» **WORK ITEM**: The pictures in the data below are to be omitted; all else must be duplicated exactly.

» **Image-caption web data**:
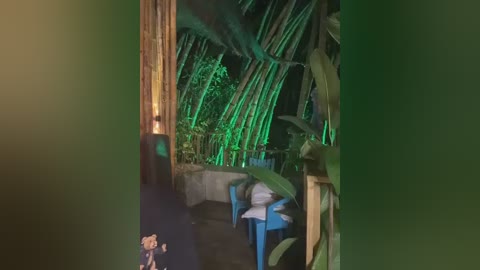 andresxxxshows free recording from 2026-01-14 00:28:00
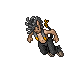 Dark Fegri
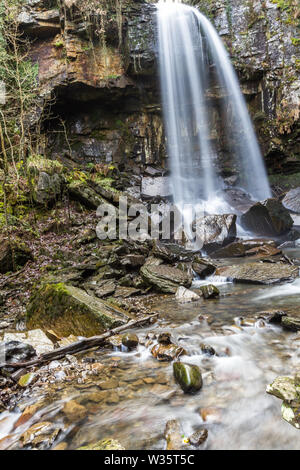 Melincourt Water Fall in full February flow, portrait Stock Photo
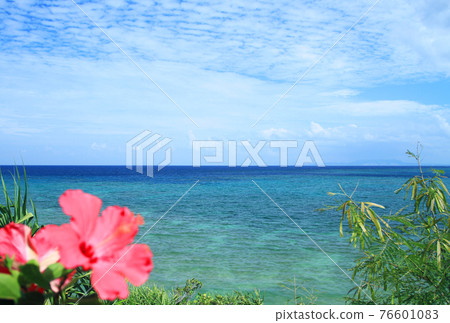 Okinawa's blue sea, blue sky and bright red hibiscus 76601083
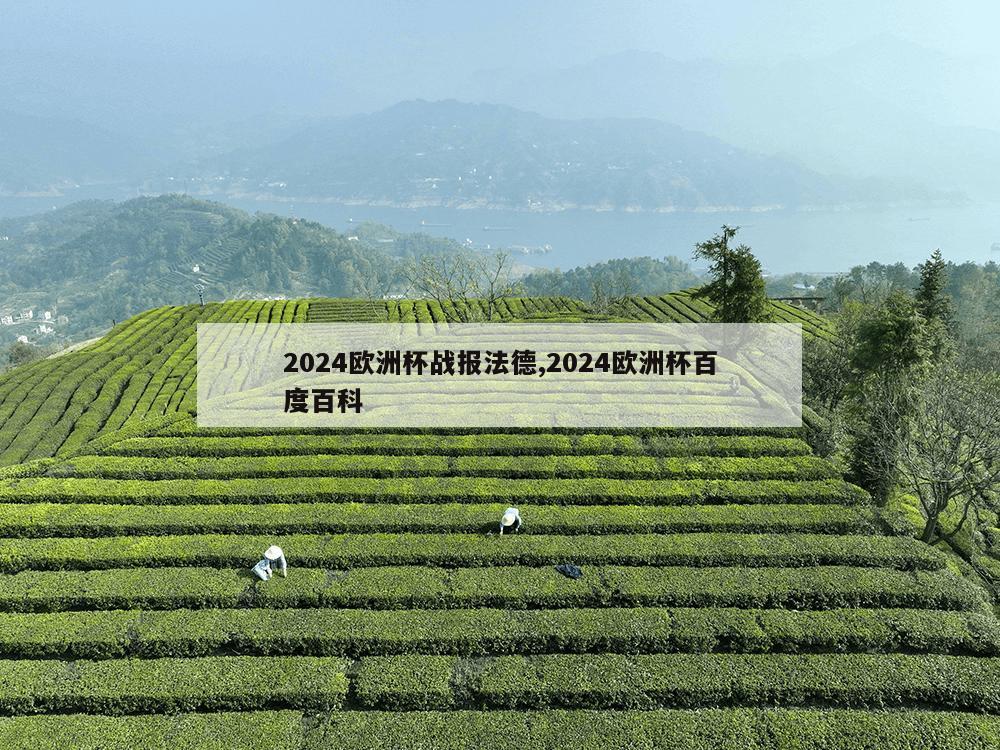 2024欧洲杯战报法德,2024欧洲杯百度百科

» **RESULT OF THIS EXERCISE**:
 andresxxxshows free recording from 2026-01-14 00:28:00
 Dark Fegri
 Melincourt Water Fall in full February flow, portrait Stock Photo
 Okinawa's blue sea, blue sky and bright red hibiscus 76601083
 2024欧洲杯战报法德,2024欧洲杯百度百科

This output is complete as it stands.